Coe backed to lead IAAF despite damning report
Lord Coe has received crucial backing to remain as IAAF president despite another damning report on athletics’ doping scandal and admitting that he leads a “failed organisation”.
Coe also apologised for some “clumsy” responses to the crisis which has engulfed athletics after a new report by the World Anti-Doping Agency’s independent commission identified serious failures in the IAAF.
The commission said the IAAF Council — which included Coe — “could not have been unaware of the extent of doping in athletics”.
It stated Coe’s right-hand man Nick Davies, who stepped aside from his position as IAAF chief of staff last month, was “well aware of Russian ‘skeletons’ in the cupboard”.
Despite those findings, commission chairman Dick Pound said the double Olympic 1,500m champion Coe remains the best man to reform the IAAF after years of corruption and nepotism under his Senegalese predecessor Lamine Diack, who orchestrated a conspiracy to secure bribes from athletes to cover up positive drugs tests and used his two sons to collect the money.
Speaking in Munich after the publication, Coe said: “The moment I became president in August, the IAAF was being criticised for all sorts of things.
“If, on occasions, my language has been clumsy, I apologise. It’s never meant to be. I know how serious this is. The overall issue about whether or not we are in an organisation that has failed, I tell you we have. I know that. We are a failed organisation.
“I’m sorry if my language has in any way demonstrated a sort of a lack of understanding about the depth of this.”
He added the corruption and extortion revelations had been “absolutely abhorrent”, saying: “We have to make sure our sport can never ever return to the horror show that we’ve witnessed in the last few years.”
The commission laid bare the influence of Diack, who created a cabal which took control of Russian doping cases, and then extorted money from athletes to cover up positive tests.
The report states: “The IAAF Council could not have been unaware of the extent of doping in athletics and the non-enforcement of applicable anti-doping rules.
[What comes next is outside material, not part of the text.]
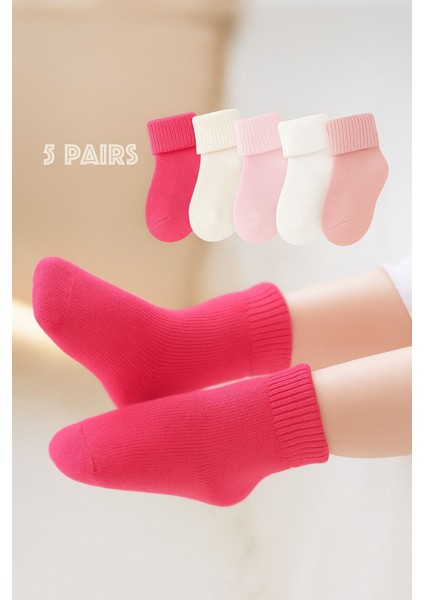 Yenidoğan 5'li Kız Bebek Çorap Seti – Doğal Renkler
There was an evident lack of political appetite within the IAAF to confront Russia with the full extent of its known and suspected doping activities.”
But Pound told a news conference in Munich: “This is a fabulous opportunity for the IAAF to seize this opportunity and under strong leadership move forward from this, but there is an enormous amount of work to do.
“I can’t think of anyone better than Lord Coe to lead that.
“I don’t want to lay the failures of an entire council at the feet of one individual. You learn from experience. And experience is what you get when you don’t get what you want.”
Pound told reporters it would have been difficult for Coe to act alone even though all IAAF Council members would have been aware of the nepotism and problems with Russian doping.
He added: “For a council member to say at the time, ‘Lamine, what the ****? You’ve got your personal counsel being paid, you’ve got two of your kids working here, this doesn’t look good for us’ — that’s the sort of thing that’s very hard to happen.”
Pound’s report was tougher on the IAAF Council, saying it was too easy just to blame the failures on Diack, who along with his son Papa Massata Diack and other officials is under investigation by French police.
It adds: “Failure to have addressed such governance issues is an IAAF failure that cannot be blamed on a small group on miscreants. The opportunity existed for the IAAF to have addressed governance issues. No advantage was taken of that opportunity.”
In terms of Davies, the report states he did not mention any knowledge of the delays in reporting doping violations when he was interviewed by the commission in June. A subsequent leaked email from him to Papa Massata Diack showed Davies discussing a plan to delay the announcement of positive tests by Russian athletes.